### YOUR OBJECTIVE
Give the count of lines in the records that contain the string "Vintage", and write nothing but that number.

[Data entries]

● ● ● ●

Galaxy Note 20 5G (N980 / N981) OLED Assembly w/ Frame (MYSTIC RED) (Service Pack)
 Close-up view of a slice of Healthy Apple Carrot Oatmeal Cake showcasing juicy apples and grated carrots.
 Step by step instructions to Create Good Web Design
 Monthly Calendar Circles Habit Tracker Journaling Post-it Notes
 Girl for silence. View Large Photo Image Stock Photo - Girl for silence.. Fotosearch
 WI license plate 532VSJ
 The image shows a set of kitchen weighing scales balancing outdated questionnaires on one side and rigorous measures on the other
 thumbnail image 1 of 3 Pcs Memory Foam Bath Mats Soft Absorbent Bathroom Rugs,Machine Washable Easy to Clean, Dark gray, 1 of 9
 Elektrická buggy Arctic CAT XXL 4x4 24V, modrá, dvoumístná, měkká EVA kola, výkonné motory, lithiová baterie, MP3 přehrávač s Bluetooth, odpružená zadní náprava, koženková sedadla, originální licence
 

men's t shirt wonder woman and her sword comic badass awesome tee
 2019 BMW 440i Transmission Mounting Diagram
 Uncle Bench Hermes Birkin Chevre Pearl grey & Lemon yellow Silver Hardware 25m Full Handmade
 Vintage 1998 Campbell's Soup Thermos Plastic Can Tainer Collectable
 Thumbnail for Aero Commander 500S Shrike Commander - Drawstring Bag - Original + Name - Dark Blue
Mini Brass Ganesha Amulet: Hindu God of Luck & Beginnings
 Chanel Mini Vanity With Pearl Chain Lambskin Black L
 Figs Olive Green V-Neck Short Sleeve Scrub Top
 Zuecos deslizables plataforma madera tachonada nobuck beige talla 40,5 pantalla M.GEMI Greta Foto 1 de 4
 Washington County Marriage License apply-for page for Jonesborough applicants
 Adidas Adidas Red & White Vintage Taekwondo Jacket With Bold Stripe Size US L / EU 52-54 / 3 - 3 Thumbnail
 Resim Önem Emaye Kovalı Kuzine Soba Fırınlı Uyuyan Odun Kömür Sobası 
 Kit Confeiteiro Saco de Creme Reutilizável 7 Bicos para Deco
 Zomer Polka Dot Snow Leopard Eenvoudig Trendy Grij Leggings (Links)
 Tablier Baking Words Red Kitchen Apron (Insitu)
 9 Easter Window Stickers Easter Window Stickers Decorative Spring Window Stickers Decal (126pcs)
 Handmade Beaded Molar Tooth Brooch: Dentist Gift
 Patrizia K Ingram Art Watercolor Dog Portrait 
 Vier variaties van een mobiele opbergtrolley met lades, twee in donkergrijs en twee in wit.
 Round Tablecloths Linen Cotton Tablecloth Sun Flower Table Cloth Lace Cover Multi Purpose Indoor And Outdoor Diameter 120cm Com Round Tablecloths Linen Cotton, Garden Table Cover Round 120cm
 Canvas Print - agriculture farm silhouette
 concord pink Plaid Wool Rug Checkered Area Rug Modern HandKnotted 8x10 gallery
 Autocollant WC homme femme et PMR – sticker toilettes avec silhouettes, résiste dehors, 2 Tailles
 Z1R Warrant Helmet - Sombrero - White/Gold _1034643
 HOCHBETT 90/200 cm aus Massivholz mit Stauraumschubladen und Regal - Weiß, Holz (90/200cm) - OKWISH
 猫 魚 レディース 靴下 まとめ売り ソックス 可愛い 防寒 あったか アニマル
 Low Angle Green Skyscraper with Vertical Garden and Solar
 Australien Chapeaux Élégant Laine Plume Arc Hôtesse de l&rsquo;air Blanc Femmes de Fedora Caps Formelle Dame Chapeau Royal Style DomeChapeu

● ● ● ●

### EXERCISE RESPONSE
2